Is C-27 going to generate as much chaos for Canadian companies? Probably not. Canadian organizations have already started to adapt to this new era of data privacy. GDPR is not new anymore; it was announced in 2016 and took effect in May 2018. We have learned a lot since then. For example, 85% of Canadian organizations have already appointed a Chief Data Protection Officer (CDPO), and most third-party tools have adapted their products and services to respect data privacy.

In other words:

  • C-27 is going to be implemented. This is certain.
  • This is serious. In Europe, about 20% of individuals have already used their rights through the GDPR.
  • The more proactive you are, the more straightforward and painless your implementation will be.
  • It is not the end of the world. You can be compliant without spending millions of dollars.

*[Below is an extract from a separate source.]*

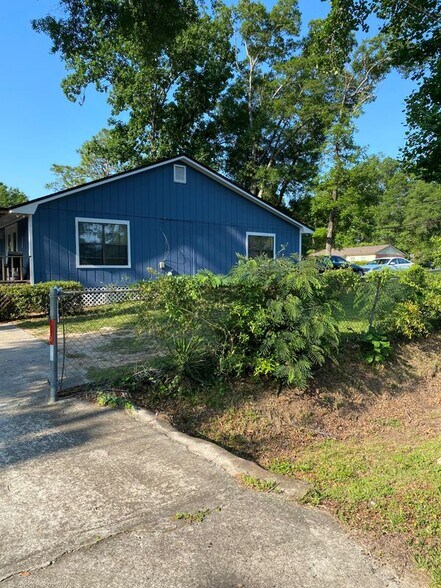Building Photo - 3501 Sunnyside Dr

All that said, you must start preparing your organization for the implementation of C-27.

Here are four actions you can take right now to be prepared for C-27

1. Control your data collection and management processes.

Maintain good data hygiene so that you will be able to better control personal data in your different tools, systems, and databases.

2. Start embracing data de-identification techniques to minimize the footprint of personal information in your organization.

A great way to limit the amount of personal data flowing into your databases is by limiting its usage. This can be done by eliminating or reducing the number of databases, tables, and fields containing personal data, which will significantly reduce the complexity of complying to C-27. Here are a few de-identification techniques:

  • De-identify: modify personal information to reduce the chances that an individual can be directly identified from it.

    Hashing methods are an example of de-identification as business users cannot identify individuals using the data. Still, the IT and Security teams can convert the hashes into identifiable data if required. De-identification techniques are allowed if appropriate processes and policies are in place to safeguard them.

    In AI systems, de-identification techniques still allow for predictive power. For example, without knowing an exact zip code, individuals from zip code 12345 will have similar characteristics. However, their predictive power is limited compared to the actual data. For example, it is impossible to calculate the distance between zip codes if they are hashed.
  • Anonymize: modify personal information irreversibly and permanently in accordance with generally accepted best practices to ensure that no individual can be identified from the information, whether directly or indirectly, by any means.

    This is a rigorous privacy method that should not be the default in a data science strategy. By default, organizations should de-identify the data as much as they can and only use anonymization when there is no other choice. For example, free form texts and call transcriptions can contain very private and identifiable information that is quite complex to de-identify. In those cases, anonymization is required.
  • Generate synthetic data: create completely fake and realistic data based on existing data so that it is possible to develop analytics and AI applications without risking privacy issues.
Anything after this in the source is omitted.